* **Problem**: Only the lines from the one containing "Cat Beach Chair With Hammock Bed - 2 Styles" through the end of the material should be printed, exactly as they appear. Leave out pictures.

* **Data shown**:
/---
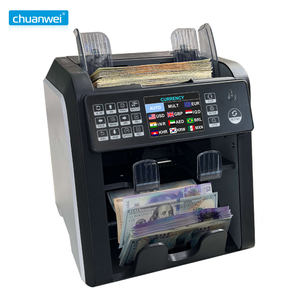 Geldzähl maschine 2 Taschengeld zähler AL-950 CIS Multi Currency Sorter 3,5-Zoll-TFT-Display Mix Value 2 Pocket Counter - Product Image 3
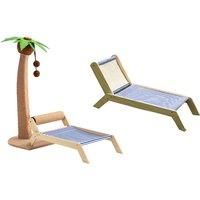 Cat Beach Chair With Hammock Bed - 2 Styles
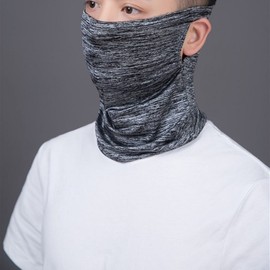 Ear Loop Cool Neck Warmer Grey 3ea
\---
* **Worked solution**:
 Cat Beach Chair With Hammock Bed - 2 Styles
 Ear Loop Cool Neck Warmer Grey 3ea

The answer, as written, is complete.